WHAT TO DO - Each line from the one containing "Multifunkční sál v" through the end of the entries below must be output exactly; no other line belongs.

----

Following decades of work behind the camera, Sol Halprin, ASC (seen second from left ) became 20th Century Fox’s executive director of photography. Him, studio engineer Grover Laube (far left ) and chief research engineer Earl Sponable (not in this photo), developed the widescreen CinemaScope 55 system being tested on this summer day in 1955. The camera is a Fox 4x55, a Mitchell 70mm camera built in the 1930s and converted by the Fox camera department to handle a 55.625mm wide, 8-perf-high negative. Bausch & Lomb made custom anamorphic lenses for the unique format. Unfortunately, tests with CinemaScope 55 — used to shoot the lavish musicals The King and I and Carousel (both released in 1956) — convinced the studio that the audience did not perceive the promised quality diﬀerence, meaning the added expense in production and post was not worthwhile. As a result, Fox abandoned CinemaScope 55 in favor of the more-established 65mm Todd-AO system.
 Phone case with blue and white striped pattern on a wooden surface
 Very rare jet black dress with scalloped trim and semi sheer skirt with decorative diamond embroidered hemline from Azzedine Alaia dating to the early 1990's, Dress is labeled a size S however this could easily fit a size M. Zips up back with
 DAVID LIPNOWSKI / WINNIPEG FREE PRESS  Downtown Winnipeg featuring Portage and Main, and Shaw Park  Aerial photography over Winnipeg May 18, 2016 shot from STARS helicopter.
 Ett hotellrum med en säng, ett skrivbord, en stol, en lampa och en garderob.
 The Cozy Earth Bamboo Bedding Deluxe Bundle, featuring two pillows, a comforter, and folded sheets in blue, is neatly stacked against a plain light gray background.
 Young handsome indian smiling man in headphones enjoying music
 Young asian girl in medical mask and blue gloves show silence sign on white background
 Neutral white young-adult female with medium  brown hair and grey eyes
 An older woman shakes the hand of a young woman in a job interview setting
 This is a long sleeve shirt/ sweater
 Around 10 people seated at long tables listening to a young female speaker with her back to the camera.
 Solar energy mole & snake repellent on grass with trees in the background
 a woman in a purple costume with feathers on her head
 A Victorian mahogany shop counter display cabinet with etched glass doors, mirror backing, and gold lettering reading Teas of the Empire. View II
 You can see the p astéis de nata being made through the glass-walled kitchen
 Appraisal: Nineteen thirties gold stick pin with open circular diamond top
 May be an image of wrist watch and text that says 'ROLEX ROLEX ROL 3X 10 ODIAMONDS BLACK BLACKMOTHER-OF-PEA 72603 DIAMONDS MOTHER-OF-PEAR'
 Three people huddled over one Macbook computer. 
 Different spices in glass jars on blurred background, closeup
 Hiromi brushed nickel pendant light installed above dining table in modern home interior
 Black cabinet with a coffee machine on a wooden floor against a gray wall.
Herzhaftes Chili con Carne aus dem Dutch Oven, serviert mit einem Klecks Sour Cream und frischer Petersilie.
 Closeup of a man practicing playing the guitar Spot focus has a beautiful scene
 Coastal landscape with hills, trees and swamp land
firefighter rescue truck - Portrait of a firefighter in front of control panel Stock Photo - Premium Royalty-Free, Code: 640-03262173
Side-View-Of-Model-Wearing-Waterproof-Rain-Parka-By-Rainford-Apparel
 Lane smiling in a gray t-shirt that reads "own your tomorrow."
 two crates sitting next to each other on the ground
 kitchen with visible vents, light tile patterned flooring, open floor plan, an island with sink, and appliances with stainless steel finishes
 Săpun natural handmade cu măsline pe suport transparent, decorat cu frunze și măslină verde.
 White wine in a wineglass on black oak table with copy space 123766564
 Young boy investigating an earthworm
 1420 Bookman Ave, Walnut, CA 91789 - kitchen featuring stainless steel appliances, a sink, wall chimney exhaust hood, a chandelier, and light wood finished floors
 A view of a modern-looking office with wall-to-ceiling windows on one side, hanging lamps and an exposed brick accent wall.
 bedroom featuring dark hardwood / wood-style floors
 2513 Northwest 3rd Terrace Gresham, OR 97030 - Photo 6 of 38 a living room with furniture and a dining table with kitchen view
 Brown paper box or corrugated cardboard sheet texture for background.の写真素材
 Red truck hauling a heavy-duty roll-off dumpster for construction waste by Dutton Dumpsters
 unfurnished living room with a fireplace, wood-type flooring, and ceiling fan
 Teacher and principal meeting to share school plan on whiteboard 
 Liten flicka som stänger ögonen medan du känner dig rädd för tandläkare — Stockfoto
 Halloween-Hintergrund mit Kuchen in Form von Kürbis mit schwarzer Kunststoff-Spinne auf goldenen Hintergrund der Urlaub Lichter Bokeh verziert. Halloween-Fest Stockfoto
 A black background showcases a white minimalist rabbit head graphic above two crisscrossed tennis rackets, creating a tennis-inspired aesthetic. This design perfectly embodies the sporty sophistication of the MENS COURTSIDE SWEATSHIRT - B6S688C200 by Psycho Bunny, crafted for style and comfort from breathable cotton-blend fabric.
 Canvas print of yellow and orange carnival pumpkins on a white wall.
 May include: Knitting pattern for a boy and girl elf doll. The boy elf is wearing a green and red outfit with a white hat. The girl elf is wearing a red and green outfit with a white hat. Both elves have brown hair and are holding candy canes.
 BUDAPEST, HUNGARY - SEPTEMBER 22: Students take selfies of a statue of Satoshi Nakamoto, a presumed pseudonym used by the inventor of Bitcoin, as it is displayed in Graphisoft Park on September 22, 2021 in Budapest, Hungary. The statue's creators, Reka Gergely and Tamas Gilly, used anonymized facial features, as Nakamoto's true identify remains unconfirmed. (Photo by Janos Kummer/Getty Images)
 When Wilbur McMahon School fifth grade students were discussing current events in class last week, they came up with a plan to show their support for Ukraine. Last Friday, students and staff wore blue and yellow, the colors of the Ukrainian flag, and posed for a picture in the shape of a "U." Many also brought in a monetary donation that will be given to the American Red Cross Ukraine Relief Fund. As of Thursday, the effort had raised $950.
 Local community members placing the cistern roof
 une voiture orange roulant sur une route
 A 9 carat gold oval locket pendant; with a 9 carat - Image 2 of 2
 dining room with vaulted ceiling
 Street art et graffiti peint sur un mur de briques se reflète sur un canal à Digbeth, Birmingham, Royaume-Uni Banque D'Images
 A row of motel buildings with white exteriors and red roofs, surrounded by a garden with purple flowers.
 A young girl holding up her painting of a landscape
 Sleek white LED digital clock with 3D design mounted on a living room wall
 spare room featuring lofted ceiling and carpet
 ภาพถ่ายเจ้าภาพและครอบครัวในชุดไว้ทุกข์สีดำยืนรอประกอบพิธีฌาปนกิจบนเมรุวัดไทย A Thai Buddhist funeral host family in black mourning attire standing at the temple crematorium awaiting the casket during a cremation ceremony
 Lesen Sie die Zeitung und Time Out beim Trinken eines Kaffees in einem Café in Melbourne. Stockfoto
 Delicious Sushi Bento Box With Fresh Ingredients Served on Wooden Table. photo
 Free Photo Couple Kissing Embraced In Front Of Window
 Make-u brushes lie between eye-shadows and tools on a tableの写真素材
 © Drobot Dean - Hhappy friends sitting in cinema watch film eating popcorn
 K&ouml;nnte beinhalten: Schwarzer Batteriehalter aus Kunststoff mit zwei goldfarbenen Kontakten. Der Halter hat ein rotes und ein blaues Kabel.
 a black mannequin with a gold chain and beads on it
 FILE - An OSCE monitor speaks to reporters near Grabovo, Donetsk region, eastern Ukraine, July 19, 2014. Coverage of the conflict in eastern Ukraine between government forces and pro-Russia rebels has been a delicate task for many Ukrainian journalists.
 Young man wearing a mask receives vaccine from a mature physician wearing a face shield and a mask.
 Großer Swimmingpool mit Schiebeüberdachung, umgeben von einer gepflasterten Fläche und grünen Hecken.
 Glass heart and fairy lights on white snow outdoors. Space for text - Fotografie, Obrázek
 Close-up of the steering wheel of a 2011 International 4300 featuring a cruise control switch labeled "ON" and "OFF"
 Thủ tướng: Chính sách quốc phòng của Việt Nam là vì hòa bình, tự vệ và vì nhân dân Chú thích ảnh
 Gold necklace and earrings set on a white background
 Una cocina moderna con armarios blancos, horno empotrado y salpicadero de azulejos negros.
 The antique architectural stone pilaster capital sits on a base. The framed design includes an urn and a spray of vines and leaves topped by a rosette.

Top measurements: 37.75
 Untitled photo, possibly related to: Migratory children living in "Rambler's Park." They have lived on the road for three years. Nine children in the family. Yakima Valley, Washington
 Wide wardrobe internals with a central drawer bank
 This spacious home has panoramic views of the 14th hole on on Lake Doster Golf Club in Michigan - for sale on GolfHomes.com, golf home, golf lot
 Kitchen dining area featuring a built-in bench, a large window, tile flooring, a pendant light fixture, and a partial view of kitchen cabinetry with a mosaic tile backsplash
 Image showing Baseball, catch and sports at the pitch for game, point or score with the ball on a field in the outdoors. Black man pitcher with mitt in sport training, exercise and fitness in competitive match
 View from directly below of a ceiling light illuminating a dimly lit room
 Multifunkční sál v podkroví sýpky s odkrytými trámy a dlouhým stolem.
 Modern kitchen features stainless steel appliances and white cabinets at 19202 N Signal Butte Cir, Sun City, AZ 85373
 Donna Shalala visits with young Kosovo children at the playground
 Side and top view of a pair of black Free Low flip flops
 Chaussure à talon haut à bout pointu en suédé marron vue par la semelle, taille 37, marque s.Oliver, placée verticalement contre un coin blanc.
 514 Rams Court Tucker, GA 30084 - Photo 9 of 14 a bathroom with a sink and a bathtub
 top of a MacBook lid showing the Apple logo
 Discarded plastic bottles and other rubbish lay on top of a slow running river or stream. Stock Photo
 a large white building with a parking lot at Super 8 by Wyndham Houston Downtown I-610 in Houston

----

EXERCISE ANSWER -
 Multifunkční sál v podkroví sýpky s odkrytými trámy a dlouhým stolem.
 Modern kitchen features stainless steel appliances and white cabinets at 19202 N Signal Butte Cir, Sun City, AZ 85373
 Donna Shalala visits with young Kosovo children at the playground
 Side and top view of a pair of black Free Low flip flops
 Chaussure à talon haut à bout pointu en suédé marron vue par la semelle, taille 37, marque s.Oliver, placée verticalement contre un coin blanc.
 514 Rams Court Tucker, GA 30084 - Photo 9 of 14 a bathroom with a sink and a bathtub
 top of a MacBook lid showing the Apple logo
 Discarded plastic bottles and other rubbish lay on top of a slow running river or stream. Stock Photo
 a large white building with a parking lot at Super 8 by Wyndham Houston Downtown I-610 in Houston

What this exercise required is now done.